Exercise goal:
Which lines below contain the word "with"? Copy each of them.

Material to process:
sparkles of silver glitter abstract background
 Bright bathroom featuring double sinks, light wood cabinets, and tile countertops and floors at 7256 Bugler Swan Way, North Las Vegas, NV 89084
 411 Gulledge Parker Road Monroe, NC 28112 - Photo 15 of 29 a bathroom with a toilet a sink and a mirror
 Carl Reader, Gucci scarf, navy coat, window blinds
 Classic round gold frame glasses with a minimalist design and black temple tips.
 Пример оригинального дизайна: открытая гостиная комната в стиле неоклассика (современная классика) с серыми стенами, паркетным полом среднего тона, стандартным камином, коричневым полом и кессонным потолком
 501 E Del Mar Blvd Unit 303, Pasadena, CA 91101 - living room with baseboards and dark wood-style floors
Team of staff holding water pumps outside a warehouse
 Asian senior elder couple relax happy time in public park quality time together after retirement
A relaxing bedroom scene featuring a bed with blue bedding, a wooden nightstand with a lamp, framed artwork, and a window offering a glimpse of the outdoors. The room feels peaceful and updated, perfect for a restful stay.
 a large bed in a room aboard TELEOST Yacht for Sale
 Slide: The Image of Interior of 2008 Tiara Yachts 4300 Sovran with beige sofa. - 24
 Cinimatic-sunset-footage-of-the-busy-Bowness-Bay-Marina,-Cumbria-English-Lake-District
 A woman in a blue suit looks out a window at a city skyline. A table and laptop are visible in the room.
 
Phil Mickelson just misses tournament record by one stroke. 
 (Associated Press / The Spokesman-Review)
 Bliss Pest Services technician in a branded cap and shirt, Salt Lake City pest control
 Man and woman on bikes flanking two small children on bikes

Result of this task:
 411 Gulledge Parker Road Monroe, NC 28112 - Photo 15 of 29 a bathroom with a toilet a sink and a mirror
 Classic round gold frame glasses with a minimalist design and black temple tips.
 501 E Del Mar Blvd Unit 303, Pasadena, CA 91101 - living room with baseboards and dark wood-style floors
A relaxing bedroom scene featuring a bed with blue bedding, a wooden nightstand with a lamp, framed artwork, and a window offering a glimpse of the outdoors. The room feels peaceful and updated, perfect for a restful stay.
 Slide: The Image of Interior of 2008 Tiara Yachts 4300 Sovran with beige sofa. - 24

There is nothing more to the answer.